The latter nodded his head, and pressed the top of his hickory stick against his gums several times, before he answered. He enjoyed the encounter, though not so sure of its issue as he would have been ten years earlier.
“I'd do the fair thing, Doctor!” he finally exclaimed; “whatever it might be, it'd be fair. Come, isn't that enough?”
“In a general sense, it is. But we are talking now as neighbors. We are both old men, Friend Barton, and I think we know how to keep our own counsel. Let us suppose a case—just to illustrate the matter, thee understands. Let us say that Friend Paxson—a widower, thee knows—had a daughter Mary, who had—well, a nice little penny in her own right,—and that thy son Alfred desired her in marriage. Friend Paxson, as a prudent father, knowing his daughter's portion, both what it is and what it will be,—he would naturally wish, in Mary's interest, to know that Alfred would not be dependent on her means, but that the children they might have would inherit equally from both. Now, it strikes me that Friend Paxson would only be right in asking thee what thee would do for thy son—nay, that, to be safe, he would want to see some evidence that would hold in law. Things are so uncertain, and a wise man guardeth his own household.”
The old man laughed until his watery eyes twinkled. “Friend Paxson is a mighty close and cautious one to deal with,” he said. “Mayhap he'd like to manage to have me bound, and himself go free?”

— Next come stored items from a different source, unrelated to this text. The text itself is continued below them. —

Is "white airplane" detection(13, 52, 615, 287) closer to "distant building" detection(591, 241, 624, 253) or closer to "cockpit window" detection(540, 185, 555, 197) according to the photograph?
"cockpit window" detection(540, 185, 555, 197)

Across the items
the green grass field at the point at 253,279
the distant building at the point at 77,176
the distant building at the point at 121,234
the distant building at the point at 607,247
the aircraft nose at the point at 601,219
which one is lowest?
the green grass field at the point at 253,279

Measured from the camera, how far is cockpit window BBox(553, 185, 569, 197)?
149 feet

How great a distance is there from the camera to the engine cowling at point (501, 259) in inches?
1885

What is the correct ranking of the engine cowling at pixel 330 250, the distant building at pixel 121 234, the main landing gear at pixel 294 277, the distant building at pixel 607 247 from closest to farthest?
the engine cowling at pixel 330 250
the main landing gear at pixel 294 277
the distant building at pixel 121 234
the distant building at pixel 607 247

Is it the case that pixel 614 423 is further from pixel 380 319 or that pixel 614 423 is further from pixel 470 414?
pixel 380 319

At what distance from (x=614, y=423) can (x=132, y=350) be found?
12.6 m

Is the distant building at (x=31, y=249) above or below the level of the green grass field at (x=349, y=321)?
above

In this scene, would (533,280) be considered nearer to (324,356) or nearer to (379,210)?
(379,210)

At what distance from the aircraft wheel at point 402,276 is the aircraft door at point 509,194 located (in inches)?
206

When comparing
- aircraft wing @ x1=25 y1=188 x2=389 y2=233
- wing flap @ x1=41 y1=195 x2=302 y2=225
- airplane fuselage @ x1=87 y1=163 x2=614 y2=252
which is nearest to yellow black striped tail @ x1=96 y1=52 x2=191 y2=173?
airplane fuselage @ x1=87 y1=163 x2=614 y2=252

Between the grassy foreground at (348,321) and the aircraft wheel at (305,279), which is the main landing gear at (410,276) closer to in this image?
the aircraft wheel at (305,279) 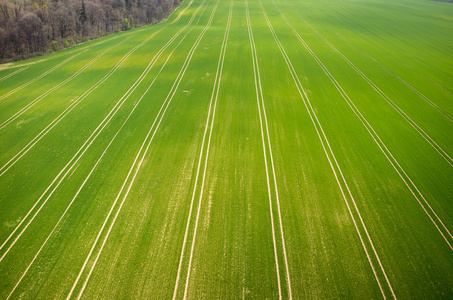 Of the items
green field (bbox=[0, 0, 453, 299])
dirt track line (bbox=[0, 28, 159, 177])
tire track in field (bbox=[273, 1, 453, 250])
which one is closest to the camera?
green field (bbox=[0, 0, 453, 299])

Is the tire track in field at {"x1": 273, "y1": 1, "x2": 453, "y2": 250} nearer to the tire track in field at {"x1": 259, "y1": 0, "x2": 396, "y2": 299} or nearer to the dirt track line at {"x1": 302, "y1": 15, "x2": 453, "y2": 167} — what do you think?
→ the dirt track line at {"x1": 302, "y1": 15, "x2": 453, "y2": 167}

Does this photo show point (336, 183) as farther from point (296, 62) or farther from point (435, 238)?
point (296, 62)

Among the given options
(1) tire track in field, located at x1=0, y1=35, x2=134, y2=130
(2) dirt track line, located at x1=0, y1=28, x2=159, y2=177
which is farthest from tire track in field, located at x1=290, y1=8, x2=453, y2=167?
(1) tire track in field, located at x1=0, y1=35, x2=134, y2=130

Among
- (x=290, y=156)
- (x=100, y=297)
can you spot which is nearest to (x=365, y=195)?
(x=290, y=156)

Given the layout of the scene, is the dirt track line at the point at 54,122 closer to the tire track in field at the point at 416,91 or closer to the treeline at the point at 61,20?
the treeline at the point at 61,20

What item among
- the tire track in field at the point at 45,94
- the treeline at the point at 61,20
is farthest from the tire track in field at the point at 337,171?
the treeline at the point at 61,20

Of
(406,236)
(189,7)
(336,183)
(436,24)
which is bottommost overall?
(406,236)

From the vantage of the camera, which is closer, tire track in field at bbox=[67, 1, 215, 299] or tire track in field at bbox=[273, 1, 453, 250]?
tire track in field at bbox=[67, 1, 215, 299]

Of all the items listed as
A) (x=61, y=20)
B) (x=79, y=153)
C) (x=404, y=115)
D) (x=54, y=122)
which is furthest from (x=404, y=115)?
(x=61, y=20)

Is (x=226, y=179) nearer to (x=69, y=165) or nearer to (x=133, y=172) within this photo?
(x=133, y=172) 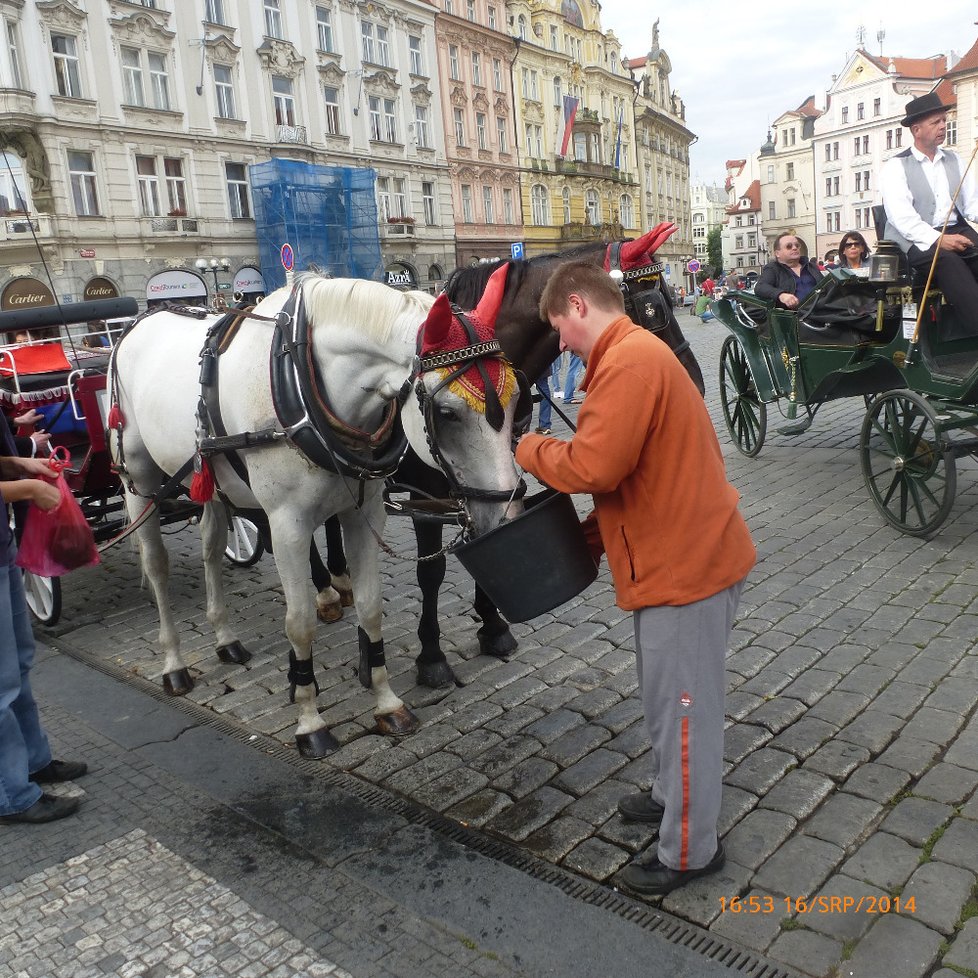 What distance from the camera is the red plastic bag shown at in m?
3.53

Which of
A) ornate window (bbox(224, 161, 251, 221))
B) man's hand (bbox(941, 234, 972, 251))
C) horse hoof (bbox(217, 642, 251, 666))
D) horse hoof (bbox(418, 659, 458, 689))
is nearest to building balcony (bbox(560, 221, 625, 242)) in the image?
ornate window (bbox(224, 161, 251, 221))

“Thee's mistaken, indeed!” Dr. Deane protested. “He's not that kind of a man. He only means to do what's right, and to ask the same security from thee, which thee—I'm sure of it, Friend Barton!—would expect him to furnish.”

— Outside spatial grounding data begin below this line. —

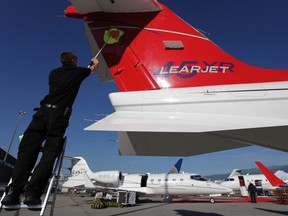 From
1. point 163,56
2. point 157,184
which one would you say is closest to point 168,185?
point 157,184

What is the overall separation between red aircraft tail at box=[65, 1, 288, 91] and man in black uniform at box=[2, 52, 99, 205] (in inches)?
59.4

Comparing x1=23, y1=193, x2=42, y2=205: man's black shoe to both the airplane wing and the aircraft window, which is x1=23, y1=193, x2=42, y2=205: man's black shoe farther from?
the aircraft window

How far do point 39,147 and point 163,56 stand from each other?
2.66m

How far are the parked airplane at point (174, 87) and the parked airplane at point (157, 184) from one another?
51.8 ft

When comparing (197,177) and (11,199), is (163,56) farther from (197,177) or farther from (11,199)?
(197,177)

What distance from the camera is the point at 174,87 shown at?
4.08 m

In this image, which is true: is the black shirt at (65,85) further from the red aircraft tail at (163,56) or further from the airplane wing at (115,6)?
the airplane wing at (115,6)

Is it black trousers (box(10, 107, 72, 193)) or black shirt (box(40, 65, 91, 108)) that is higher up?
black shirt (box(40, 65, 91, 108))

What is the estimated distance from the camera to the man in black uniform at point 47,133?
92.5 inches

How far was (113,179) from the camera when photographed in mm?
19984

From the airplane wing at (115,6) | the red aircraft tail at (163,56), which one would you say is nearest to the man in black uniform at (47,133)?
the red aircraft tail at (163,56)

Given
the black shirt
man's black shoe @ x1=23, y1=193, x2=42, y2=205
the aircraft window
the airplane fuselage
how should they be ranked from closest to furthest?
man's black shoe @ x1=23, y1=193, x2=42, y2=205
the black shirt
the airplane fuselage
the aircraft window

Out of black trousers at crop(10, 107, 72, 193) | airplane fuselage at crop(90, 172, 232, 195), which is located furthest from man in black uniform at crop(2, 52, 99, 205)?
airplane fuselage at crop(90, 172, 232, 195)

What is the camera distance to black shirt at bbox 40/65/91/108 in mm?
2707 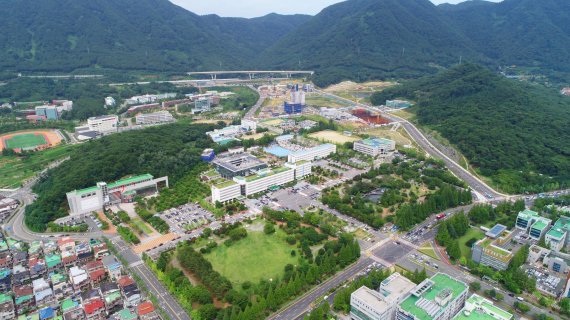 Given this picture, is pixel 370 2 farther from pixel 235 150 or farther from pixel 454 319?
pixel 454 319

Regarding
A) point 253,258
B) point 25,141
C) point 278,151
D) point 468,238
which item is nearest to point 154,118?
point 25,141

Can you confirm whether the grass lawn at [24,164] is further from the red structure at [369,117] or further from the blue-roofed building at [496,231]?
the blue-roofed building at [496,231]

The old man began to find this illustration uncomfortable; it was altogether one-sided. Dr. Deane could shelter himself behind Friend Paxson and the imaginary daughter, but the applications came personally home to him. His old patience had been weakened by his isolation from the world, and his habits of arbitrary rule. He knew, moreover, the probable amount of Martha's fortune, and could make a shrewd guess at the Doctor's circumstances; but if the settlements were to be equal, each must give his share its highest valuation in order to secure more from the other. It was a difficult game, because these men viewed it in the light of a business transaction, and each considered that any advantage over the other would be equivalent to a pecuniary gain on his own part.
“No use beatin' about the bush, Doctor,” the old man suddenly said. “You don't care for Paxson's daughter, that never was; why not put your Martha in her place. She has a good penny, I hear—five thousand, some say.”

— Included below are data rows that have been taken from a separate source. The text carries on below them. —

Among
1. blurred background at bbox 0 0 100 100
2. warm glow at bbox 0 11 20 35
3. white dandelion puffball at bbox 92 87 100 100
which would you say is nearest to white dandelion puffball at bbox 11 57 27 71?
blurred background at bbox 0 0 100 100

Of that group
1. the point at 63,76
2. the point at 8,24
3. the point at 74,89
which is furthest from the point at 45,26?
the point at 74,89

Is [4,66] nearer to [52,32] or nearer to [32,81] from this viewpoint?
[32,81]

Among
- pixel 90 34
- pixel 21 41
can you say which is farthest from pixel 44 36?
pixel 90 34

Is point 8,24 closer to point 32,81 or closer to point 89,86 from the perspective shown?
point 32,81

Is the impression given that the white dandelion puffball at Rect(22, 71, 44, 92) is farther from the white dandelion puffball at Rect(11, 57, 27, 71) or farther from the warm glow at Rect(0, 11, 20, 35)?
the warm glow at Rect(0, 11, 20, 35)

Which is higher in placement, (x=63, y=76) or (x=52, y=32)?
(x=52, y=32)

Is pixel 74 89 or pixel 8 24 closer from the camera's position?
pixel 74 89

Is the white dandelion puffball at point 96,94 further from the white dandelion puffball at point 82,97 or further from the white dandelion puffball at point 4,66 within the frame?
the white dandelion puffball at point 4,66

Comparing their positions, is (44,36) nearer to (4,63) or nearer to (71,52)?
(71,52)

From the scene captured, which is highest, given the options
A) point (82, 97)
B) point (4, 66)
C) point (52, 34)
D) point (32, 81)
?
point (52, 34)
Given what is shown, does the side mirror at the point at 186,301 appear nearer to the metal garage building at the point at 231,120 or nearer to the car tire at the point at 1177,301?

“Ten, every cent of it!” exclaimed Dr. Deane, very nearly thrown off his guard. “That is, she will have it, at twenty-five; and sooner, if she marries with my consent. But why does thee wish particularly to speak of her?”
“For the same reason you talk about Alfred. He hasn't been about your house lately, I s'pose, hey?”
The Doctor smiled, dropping his eyelids in a very sagacious way. “He does seem drawn a little our way, I must confess to thee,” he said, “but we can't always tell how much is meant. Perhaps thee knows his mind better than I do?”